• _ASSIGNMENT_
What are the lines, word for word, from the line with "Gucci navy pants" up to and including the line with "Photograph of a" in the records below? Omit the pictures.

• _DATA PROVIDED_
BEGIN
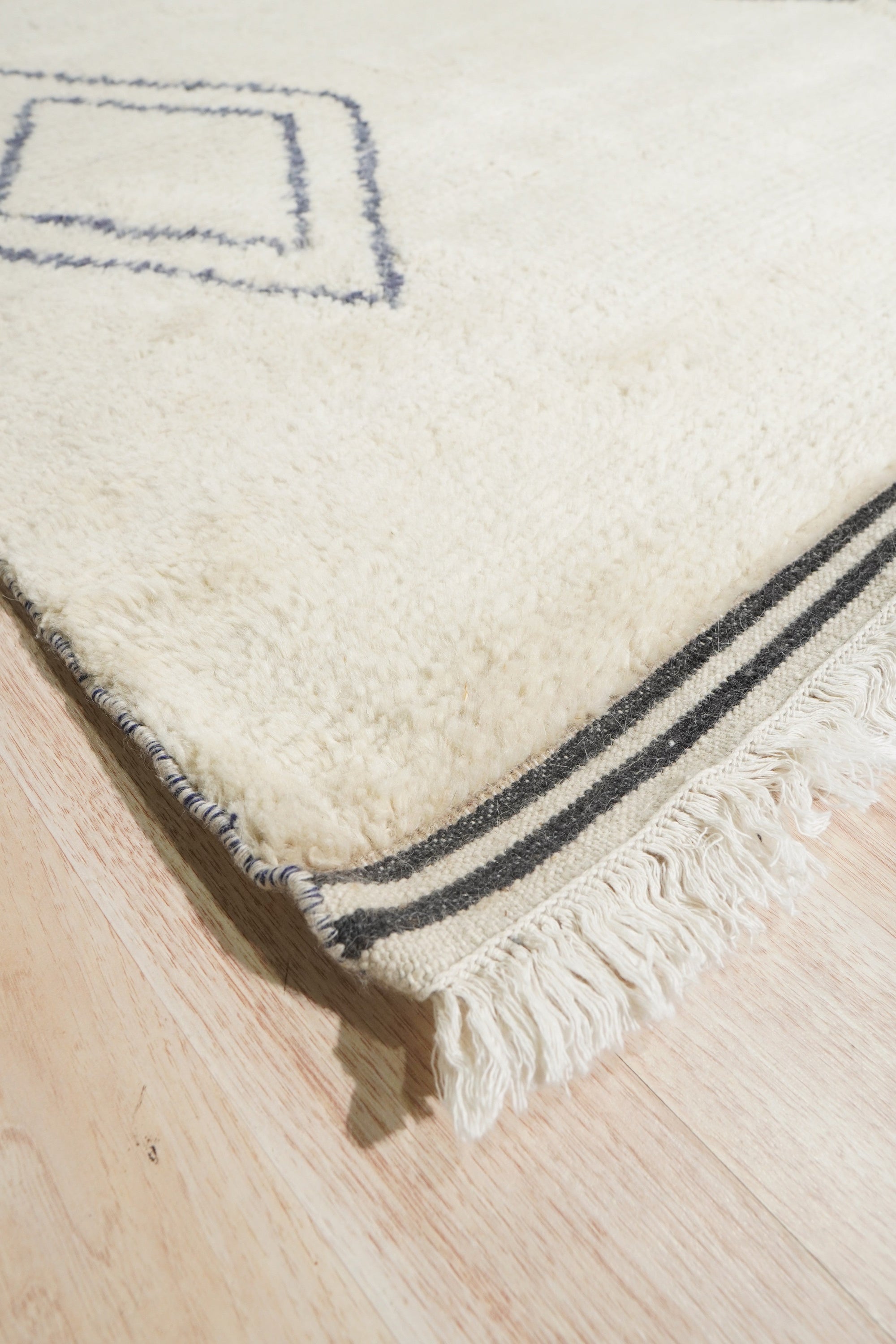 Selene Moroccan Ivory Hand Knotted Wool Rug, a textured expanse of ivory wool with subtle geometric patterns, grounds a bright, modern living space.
END
BEGIN
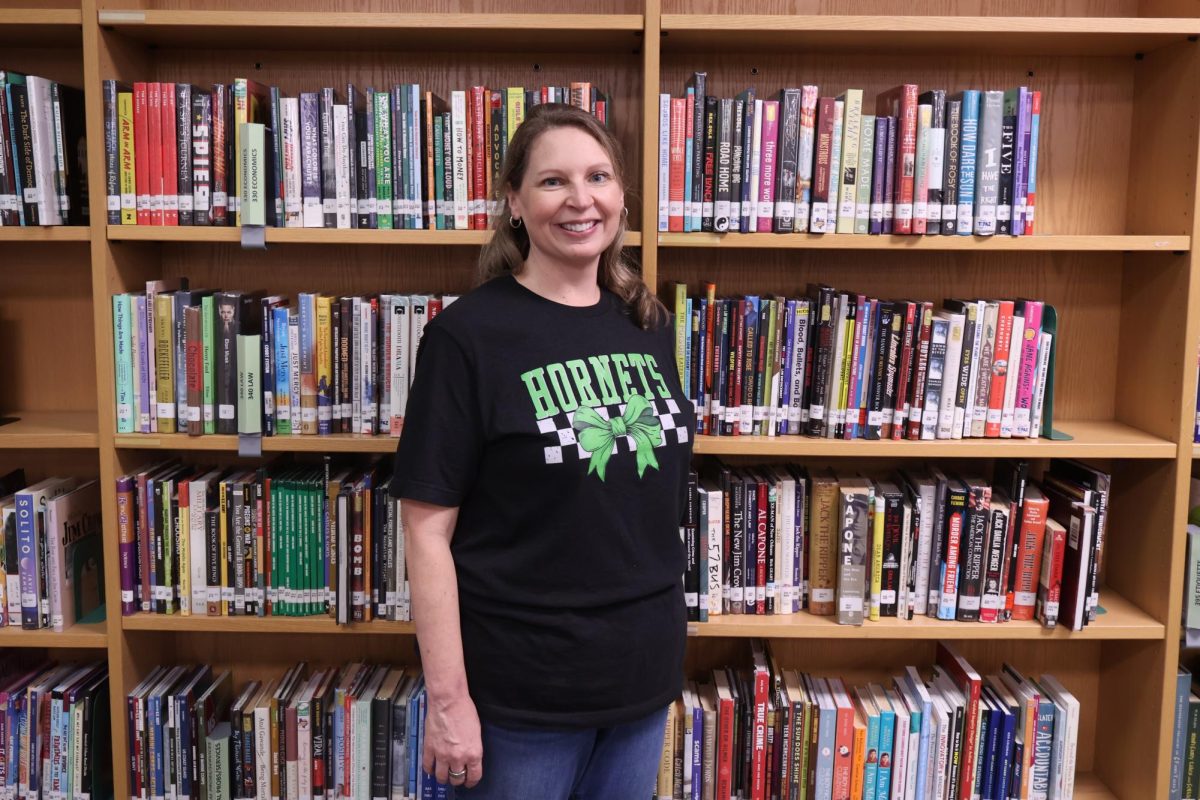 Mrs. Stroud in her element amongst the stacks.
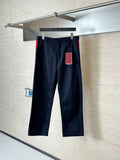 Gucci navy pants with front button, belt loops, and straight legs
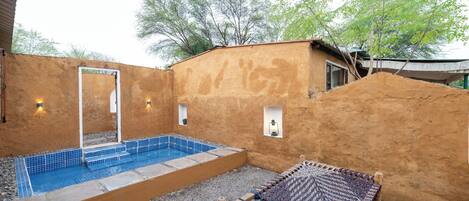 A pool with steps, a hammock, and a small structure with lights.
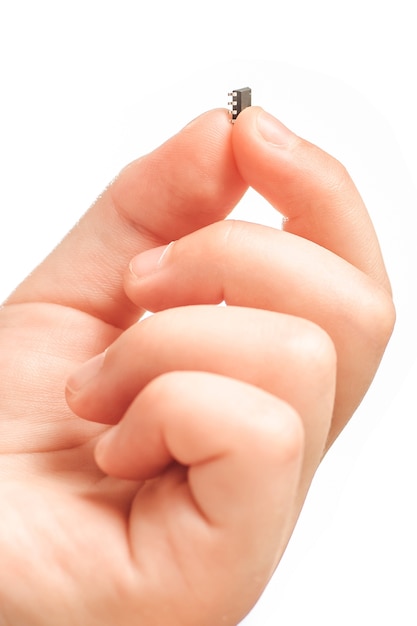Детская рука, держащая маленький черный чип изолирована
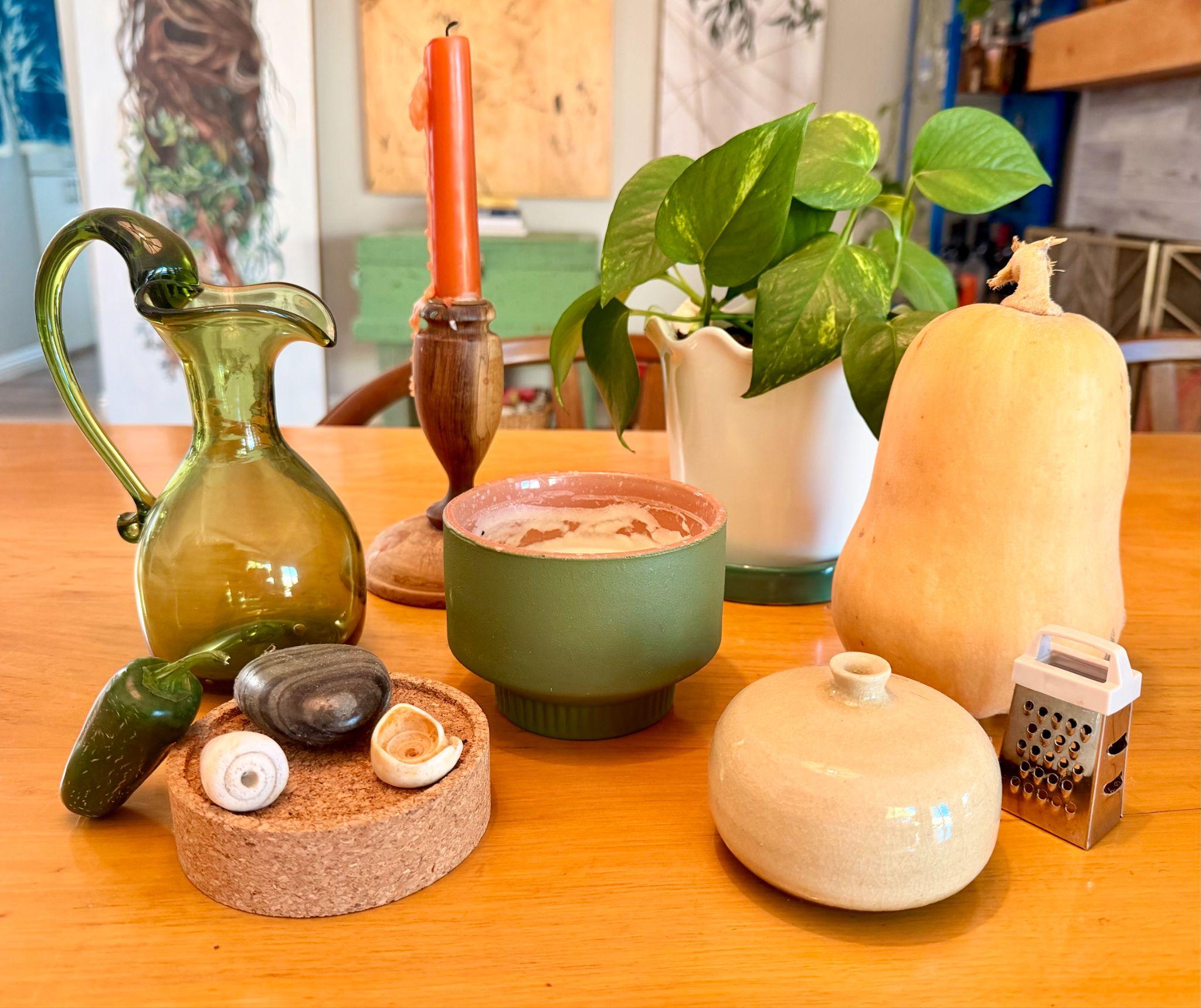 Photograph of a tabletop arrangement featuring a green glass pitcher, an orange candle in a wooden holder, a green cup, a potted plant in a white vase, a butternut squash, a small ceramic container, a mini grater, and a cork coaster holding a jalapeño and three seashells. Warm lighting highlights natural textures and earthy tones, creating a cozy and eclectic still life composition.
END
BEGIN
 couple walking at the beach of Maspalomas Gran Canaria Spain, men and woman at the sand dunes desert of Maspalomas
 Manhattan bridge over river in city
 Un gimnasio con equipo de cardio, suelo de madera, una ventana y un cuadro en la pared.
END
• _ANSWER TO THIS EXERCISE_
 Gucci navy pants with front button, belt loops, and straight legs
 A pool with steps, a hammock, and a small structure with lights.
Детская рука, держащая маленький черный чип изолирована
 Photograph of a tabletop arrangement featuring a green glass pitcher, an orange candle in a wooden holder, a green cup, a potted plant in a white vase, a butternut squash, a small ceramic container, a mini grater, and a cork coaster holding a jalapeño and three seashells. Warm lighting highlights natural textures and earthy tones, creating a cozy and eclectic still life composition.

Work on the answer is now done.